Notre objectif ici est d’informer, de dénoncer ces pratiques abusives et d’appeler à une prise de conscience collective.
Comprendre le phénomène du travail des enfants, c’est d’abord analyser ses causes profondes (I), puis en mesurer les conséquences sur l’enfant et la société (II), avant de proposer des solutions concrètes pour y mettre fin (III).
I.DES MOTIFS PROFONDS DU TRAVAIL DES ENFANTS
La principale cause du travail des enfants est, sans aucun doute, la pauvreté, qui pousse de nombreuses familles à considérer leurs enfants comme une source de main-d’œuvre nécessaire à leur survie puisqu’elles vivent dans des conditions économiques précaires, les contraignant à les faire travailler pour subvenir aux besoins essentiels du foyer.
Cependant, un autre facteur déterminant ne doit pas être ignoré : le poids des traditions et des pratiques culturelles. Dans certaines communautés rurales, le travail des enfants est perçu comme une étape normale de socialisation et d’apprentissage. Cette perception culturelle peut conduire à une acceptation tacite du phénomène, rendant sa lutte plus complexe.
Compte tenu du fait que l’économie ivoirienne repose largement sur l’agriculture, en particulier la culture du cacao, les exploitations agricoles, se font souvent par famille, intégrant ainsi les enfants dans les travaux ce qui éventuellement expose un grand nombre d’enfants à des conditions de travail dangereuses.
Enfin, le manque d’infrastructures scolaires constitue un facteur déterminant dans la persistance du travail des enfants. Par exemple, dans des localités comme Opouyo (région de Soubré), on constate que plusieurs enfants en âge d’aller à l’école se retrouvent contraints de travailler dans les plantations de cacao dans des conditions difficiles. Cela s’explique en grande partie par l’insuffisance d’établissements scolaires de proximité et de services de soutien social, qui privent ces enfants d’un accès régulier à d’une éducation de qualité. En l’absence de structures éducatives et de dispositifs de protection adaptés, ces jeunes sont souvent amenés à contribuer aux revenus familiaux dès leur plus jeune âge, au détriment de leur développement intellectuel.
Toutefois, ce problème plus qu’important expose des effets aussi inévitables que visibles à l’égard de la société mais surtout de l’enfant.
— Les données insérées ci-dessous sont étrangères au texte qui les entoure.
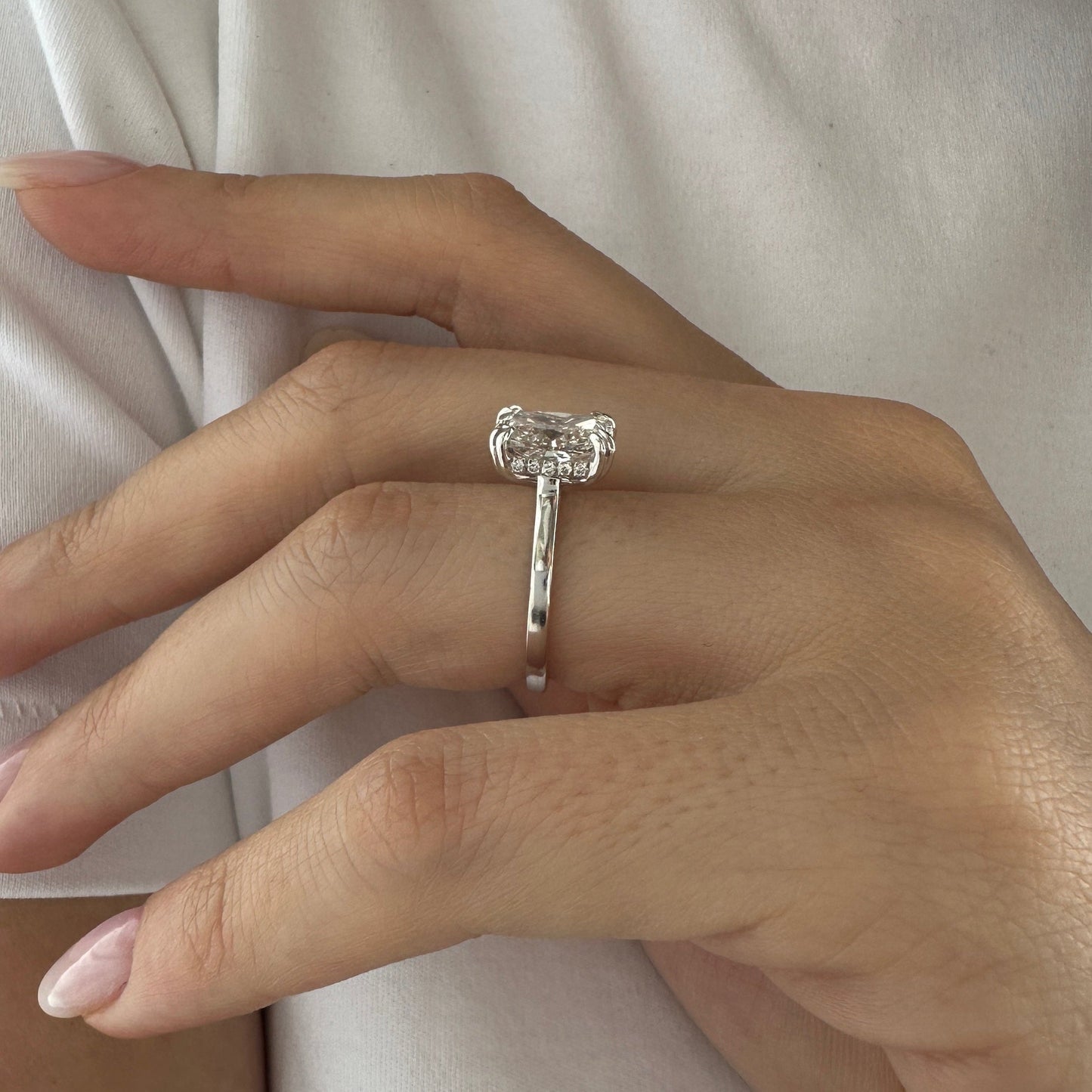 1.0-3.0 CT Elongated Cushion Lab Grown Diamond hidden halo Engagement Ring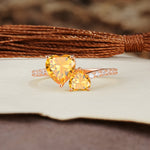 Unique Classic 3-Prong Heart Cut CitrineTwo Stones Engagement Ring - Additional view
II.DES CONSEQUENCES DEVASTATRICES POUR L’ENFANT ET LA SOCIETE
Les conséquences du travail des enfants en Côte d’Ivoire sont nombreuses et profondes.
Sur le plan personnel, ces enfants qui travaillent subissent de graves atteintes à leur santé physique et mentale. Ils sont exposés à des risques d’accidents, de blessures vu la manipulation des outils dangereux ou des produits chimiques et, vivent un épuisement qui compromet, freine leur développement normal. Leurs capacités intellectuelles et émotionnelles se trouvent également fragilisées, du fait du stress et l’absence d’enfant : on peut parler de déséquilibre psychologique.
Au niveau de l’éducation, l’engagement précoce dans le travail empêche l’accès régulier et de qualité à l’instruction. Cette privation d’éducation limite leurs perspectives futures et contribue à maintenir le cycle de la pauvreté, rendant difficile toute amélioration des conditions de vie tant pour eux que pour leurs familles.
Enfin, sur le plan social, le recours massif au travail des enfants nuit à la cohésion sociale et fragilise la crédibilité des systèmes de protection et des institutions chargées de garantir les droits fondamentaux. Cela engendre une inégalité structurelle et contribue à la perpétuation de pratiques injustes, renforçant ainsi un climat de vulnérabilité qui affecte l’ensemble de la société ivoirienne ce qui met en péril l’avenir du pays.
Censés être protégés, ils se retrouvent dans des conditions déplorables extérieures à leurs volontés mettant en doute l’utilité même des Droits de l’enfant établis dans certaines conventions puisque celles-ci ne sont pas respectées. En faisant silence sur ces abus, il reviendrait à dire que l’État ne s’implique pas dans l’épanouissement et le développement sain des enfants minimisant donc l’impact que cela pourrait avoir sur la société future.
III.DES RECOMMANDATIONS POUR UNE ACTION EFFICACE
Face à la persistance du travail des enfants, des mesures doivent être mises en place à plusieurs niveaux pour éradiquer ce fléau et garantir le bien-être des enfants.
Au plan international, les organisations internationales ont un rôle majeur à jouer dans l’élimination du travail des enfants à travers des actions telles que :
- La promotion des conventions internationales : L’Organisation Internationale du Travail (OIT) et l’UNICEF doivent insister sur l’application des conventions comme la Convention n°138 parlant de l’âge minimum d’admission à l’emploi et la Convention n°182 sur les pires formes de travail des enfants.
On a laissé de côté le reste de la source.